(Crawled caption data)
────

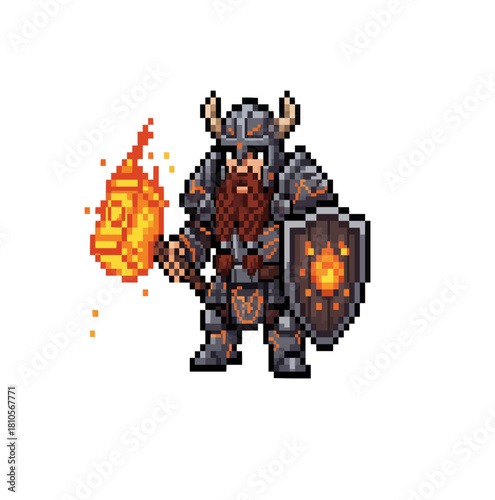 pixel art dwarven guardian wielding blazing emberforge hammer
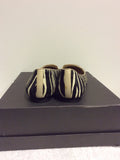 CARVELA BLACK & IVORY ZEBRA PRINT PONYSKIN FLATS SIZE 5/38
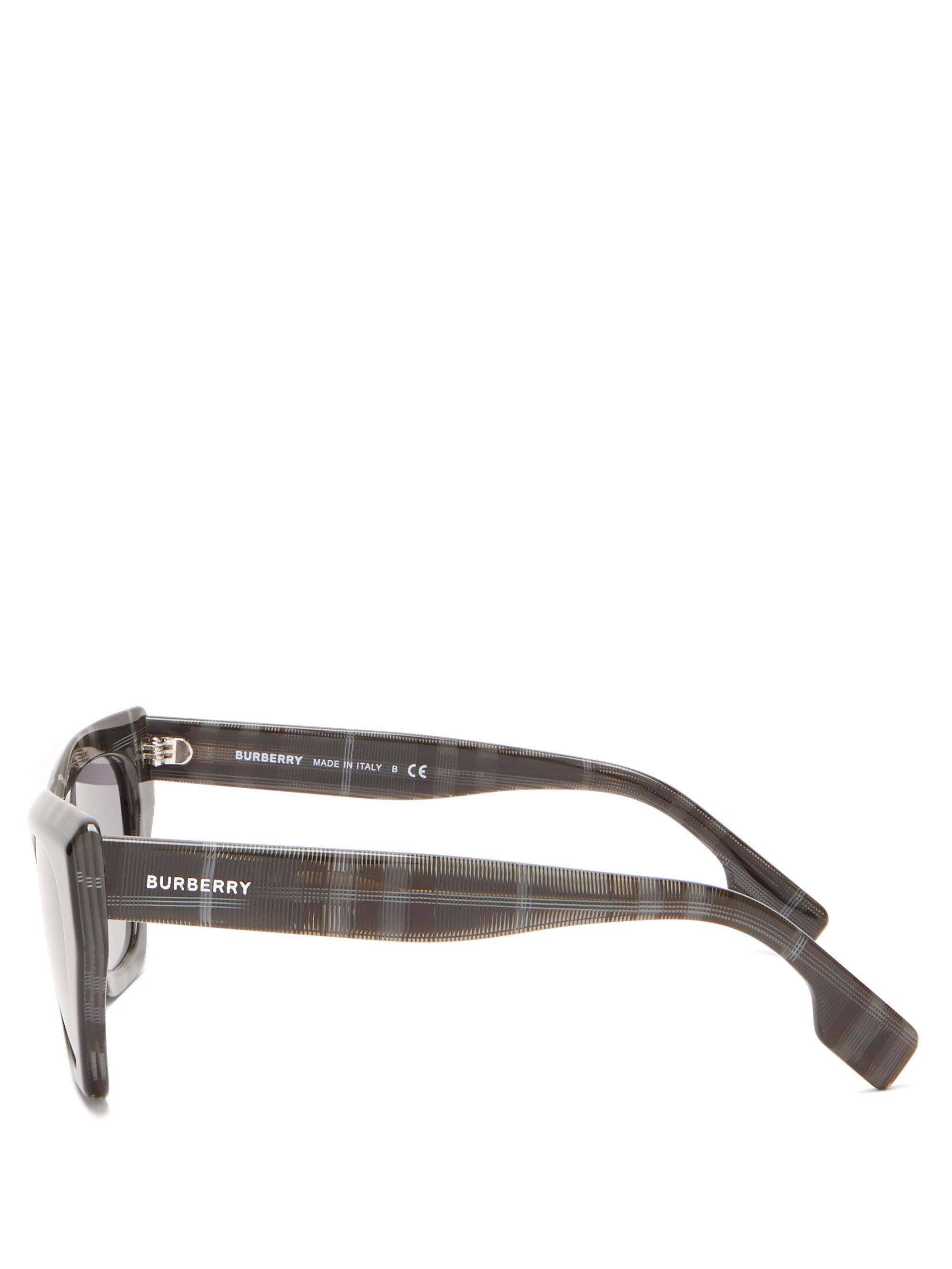 Mindre hårdtarbejdende banner Burberry House Check Square Cat-eye Acetate Sunglasses in Black | Lyst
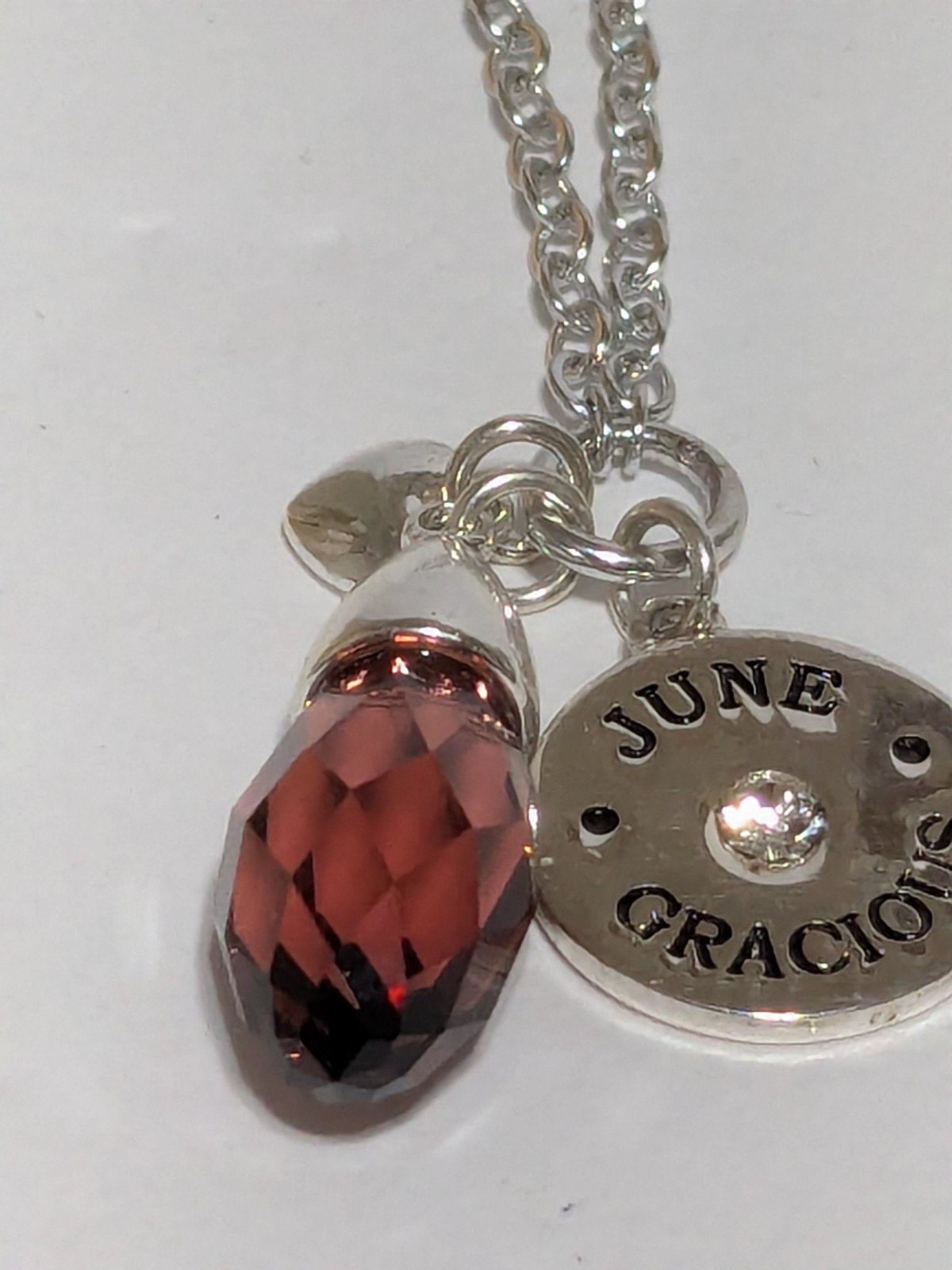 Silver Tone June Birthstone Charm/Pendant Necklace With Faux Alexandrite 18″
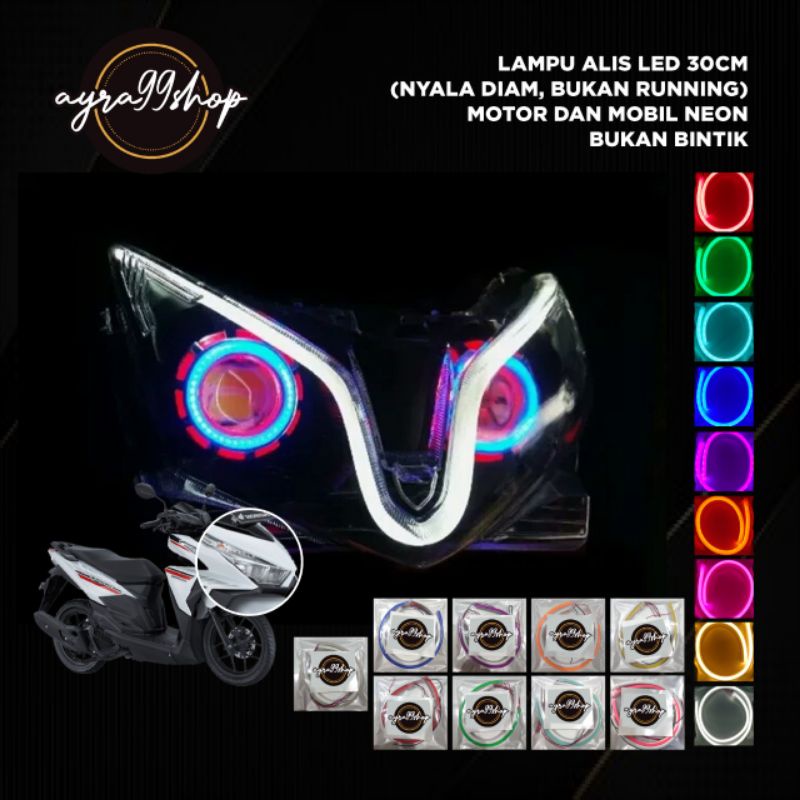 LAMPU  ALIS LED 15cm dan 30CM (NYALA DIAM, BUKAN RUNNING) MOTOR DAN MOBIL NEON BUKAN BINTIK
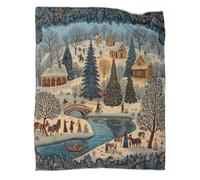 kaiyun Arte popolare bohémien d'epoca Coperta Da Campeggio Esterna Stampata Calda,morbida E Traspirante Bellissima scena natalizia Copriletto Per Camera Da Letto Quattro Stagioni 80x90inch(200x230cm)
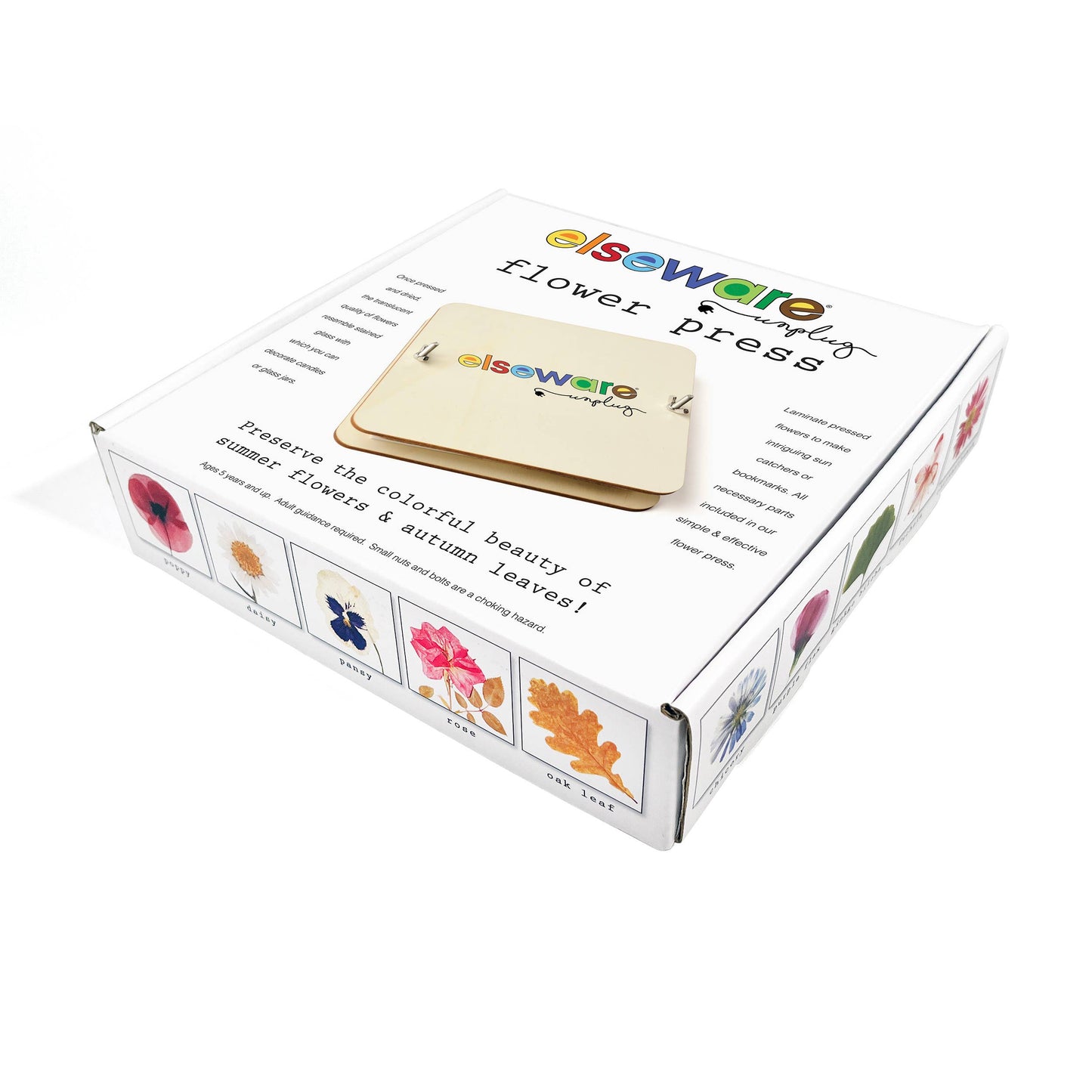 Boxed elsewaro flower press with floral illustrations on a white background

────

Requirement.
Each line from the one containing "Silver Tone June" through the end of the records above is to be retyped exactly, with the pictures omitted and nothing added.

Task response.
 Silver Tone June Birthstone Charm/Pendant Necklace With Faux Alexandrite 18″
 LAMPU  ALIS LED 15cm dan 30CM (NYALA DIAM, BUKAN RUNNING) MOTOR DAN MOBIL NEON BUKAN BINTIK
 kaiyun Arte popolare bohémien d'epoca Coperta Da Campeggio Esterna Stampata Calda,morbida E Traspirante Bellissima scena natalizia Copriletto Per Camera Da Letto Quattro Stagioni 80x90inch(200x230cm)
 Boxed elsewaro flower press with floral illustrations on a white background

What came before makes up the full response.